# Task details
Would you please restate the data exactly as it stands, apart from the pictures?

# Working data
_____

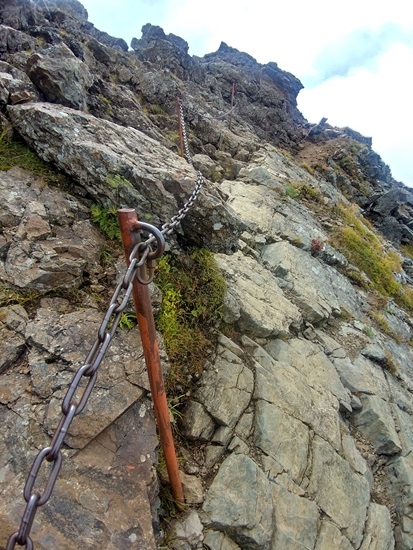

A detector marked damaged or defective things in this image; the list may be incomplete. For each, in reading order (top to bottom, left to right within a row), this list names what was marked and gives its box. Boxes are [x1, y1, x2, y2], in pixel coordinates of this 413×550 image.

rusty metal chain [6, 99, 203, 550]
rusty metal post [114, 209, 182, 506]
brown rusted pole [116, 208, 183, 504]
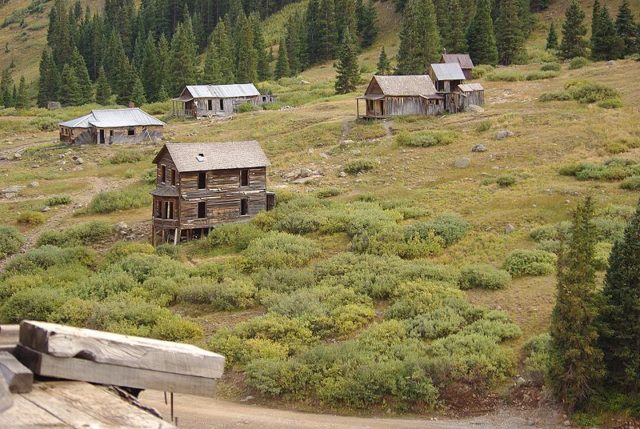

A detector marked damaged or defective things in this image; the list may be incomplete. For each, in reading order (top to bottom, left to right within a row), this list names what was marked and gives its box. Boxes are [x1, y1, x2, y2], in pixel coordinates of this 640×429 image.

rusty metal roof [430, 62, 464, 81]
rusty metal roof [368, 75, 438, 96]
rusty metal roof [58, 108, 166, 128]
rusty metal roof [158, 142, 272, 172]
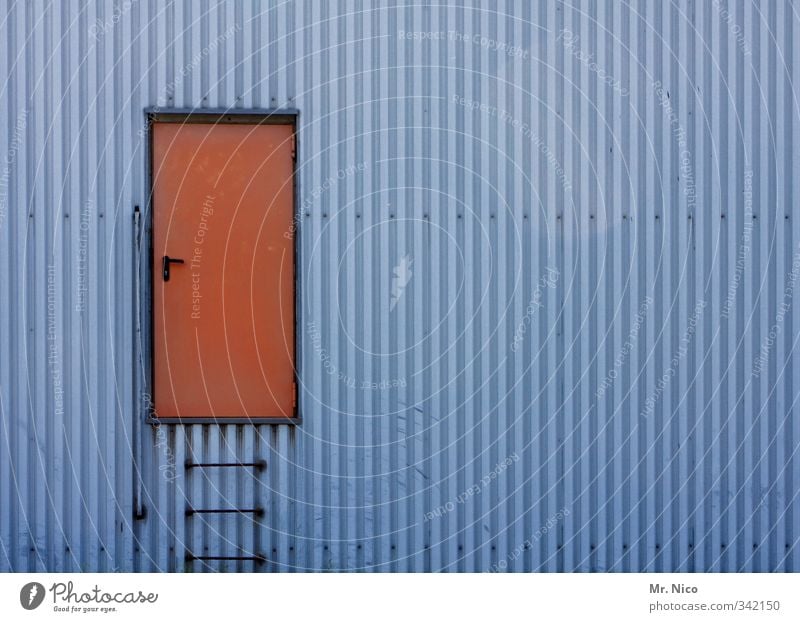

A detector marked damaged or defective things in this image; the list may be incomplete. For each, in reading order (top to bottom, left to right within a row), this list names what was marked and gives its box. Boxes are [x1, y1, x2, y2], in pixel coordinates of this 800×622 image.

rust stain on door [152, 123, 296, 420]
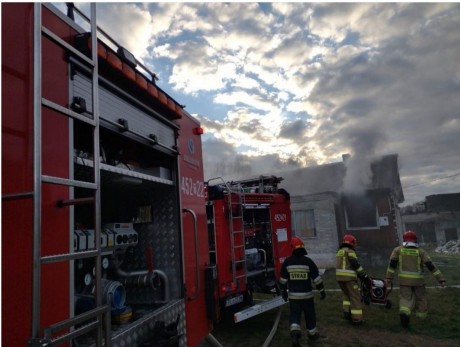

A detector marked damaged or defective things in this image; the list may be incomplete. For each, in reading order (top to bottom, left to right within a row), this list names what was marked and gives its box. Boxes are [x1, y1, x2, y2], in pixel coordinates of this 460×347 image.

damaged building [276, 154, 402, 270]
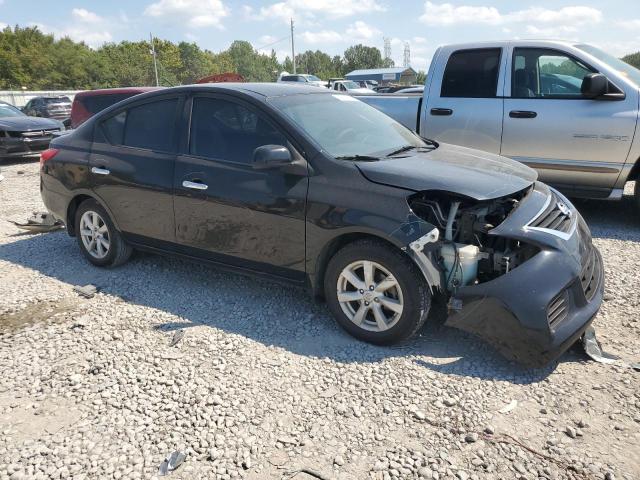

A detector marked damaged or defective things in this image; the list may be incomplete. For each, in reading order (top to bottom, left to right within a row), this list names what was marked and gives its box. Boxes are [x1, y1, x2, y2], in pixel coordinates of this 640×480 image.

damaged black sedan [0, 100, 63, 160]
damaged black sedan [41, 84, 604, 366]
crumpled hood [358, 143, 536, 202]
crushed front bumper [442, 184, 604, 368]
detached car bumper [442, 186, 604, 366]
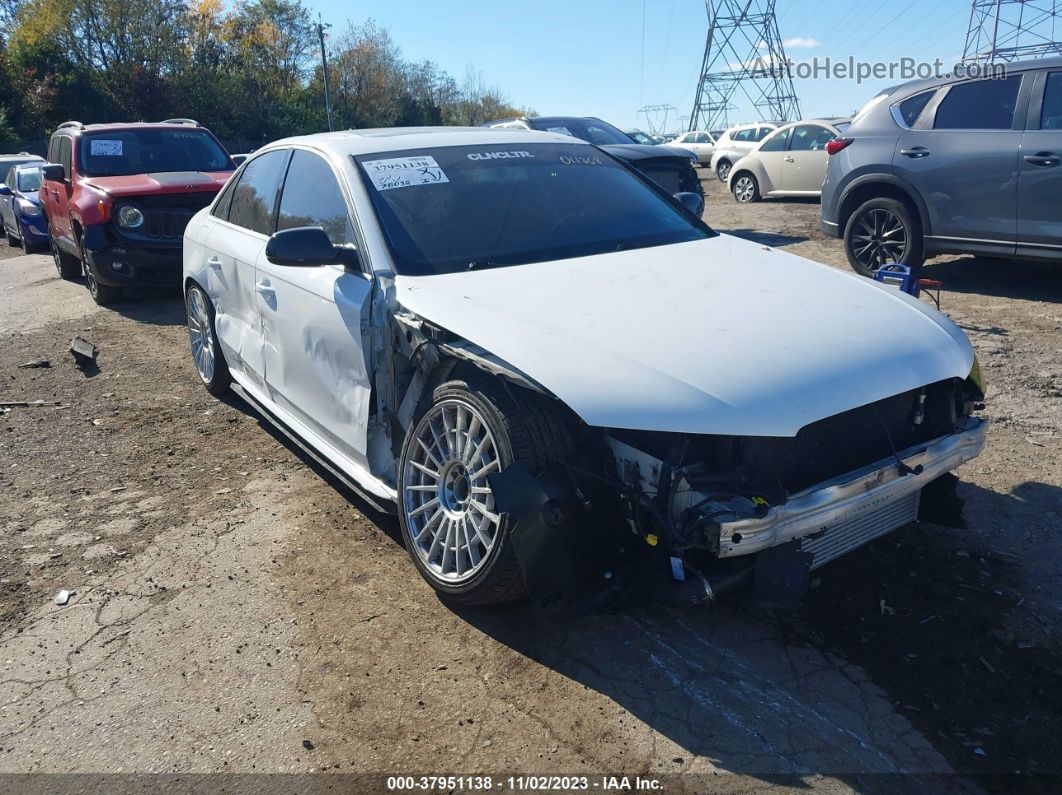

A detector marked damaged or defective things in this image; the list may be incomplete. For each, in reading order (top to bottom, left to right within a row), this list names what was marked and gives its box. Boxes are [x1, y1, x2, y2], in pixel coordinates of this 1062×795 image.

_____

# The answer
A detector marked damaged or defective things in this image; the list may be incomplete. For each, in reading order (top to bottom, left to right within a row), this list names what was marked and gives its box. Boxes are [x1, y1, x2, y2], in pixel coordinates of this 413×550 image.

rusty metal chain [6, 99, 203, 550]
rusty metal post [114, 209, 182, 506]
brown rusted pole [116, 208, 183, 504]

A detector marked damaged or defective things in this image; the list may be incomplete. For each, in reading order (top to bottom, left to right within a row), this list names what was marked and gives its box. Boxes are [x1, y1, x2, y2], in pixel coordinates of this 640×429 image.

rusty metal roof [430, 62, 464, 81]
rusty metal roof [368, 75, 438, 96]
rusty metal roof [58, 108, 166, 128]
rusty metal roof [158, 142, 272, 172]

A detector marked damaged or defective things in this image; the list may be incomplete. For each, in reading order (top to bottom, left to right within a row), this list names what was marked and gives its box. Boxes are [x1, y1, x2, y2], in pixel coordinates of this 800×622 image.

rust stain on door [152, 123, 296, 420]

A detector marked damaged or defective things in this image; the list may be incomplete. For each, in reading order (top to bottom, left to right within a row), this list names what was marked and gives its box. Boxes are [x1, y1, x2, y2], in pixel coordinates of this 460×347 image.

damaged building [276, 154, 402, 270]

A detector marked damaged or defective things in this image; the list may be incomplete. For each, in reading order (top to bottom, left to right within a row), this list names what was marked and gives its box. Boxes are [x1, y1, x2, y2], in pixel coordinates of this 640×480 image.

damaged black sedan [0, 100, 63, 160]
damaged black sedan [41, 84, 604, 366]
crumpled hood [358, 143, 536, 202]
crushed front bumper [442, 184, 604, 368]
detached car bumper [442, 186, 604, 366]

A detector marked damaged or defective things in this image; the list may be incomplete. For each, in reading order (top to bottom, left to right within a row), this list names what was marked and gives its box. Boxes are [x1, y1, x2, y2], in pixel coordinates of this 1062×795 image.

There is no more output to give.